Unfortunately, there are (at least) two flaws with the “Unified Apple TV Set” theory.

First, lets look at a modern TV set. There’s a “dumb” display panel that will keep doing its job year after year, and then there’s the “smart” half, the computer that listens to the remote, runs apps (Netflix, Hulu, 60 Minutes), and contains a browser that can display Web content. As the computing world has been teaching us for decades, the “smart” part will be obsolete within two years.

With its TV 4K, Apple continues to keep the Apple TV computing engine outside of the TV’s display device. As better silicon or changes in networking hardware emerge, you can upgrade your Apple TV hardware — the black puck — without throwing away your TV monitor. Roku, Amazon and Google also keep the smarts outside of the TV set. Why would Apple get into an all-in-one TV market that doesn’t exist?

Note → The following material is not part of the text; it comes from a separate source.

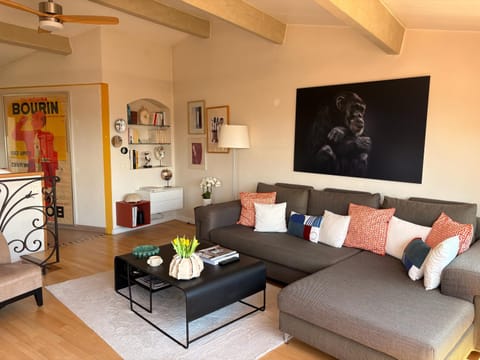 TV and multimedia, Living room, Decorative detail, Seating area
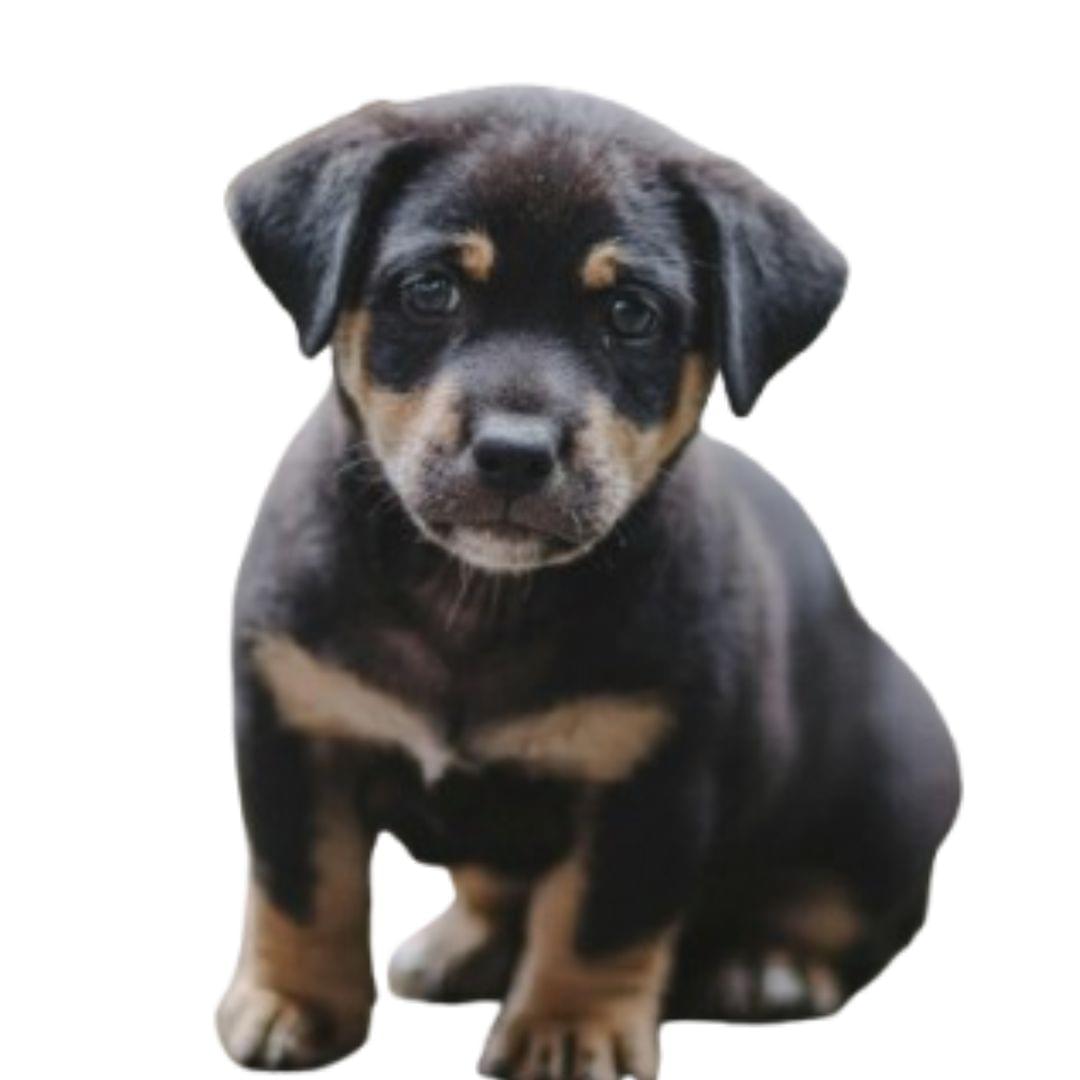  Doberman Puppy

The other flaw is the cable box that you rent or buy from Comcast, DirecTV, or some other content-providing philanthropist. The Apple TV set would need to connect to and read the signal that’s supplied by the box, or maybe it could simply decode the data straight from the coax cable thus, in effect absorbing the cable box. Good luck with that. Comcast, AT&T and the others would never consent to this arrangement because they would cede control to Apple.

We’d love to replace Comcast + Apple TV with an integrated device, but…no. No Apple TV set, no Apple Cable Box. Especially not with today’s bootlicking FCC.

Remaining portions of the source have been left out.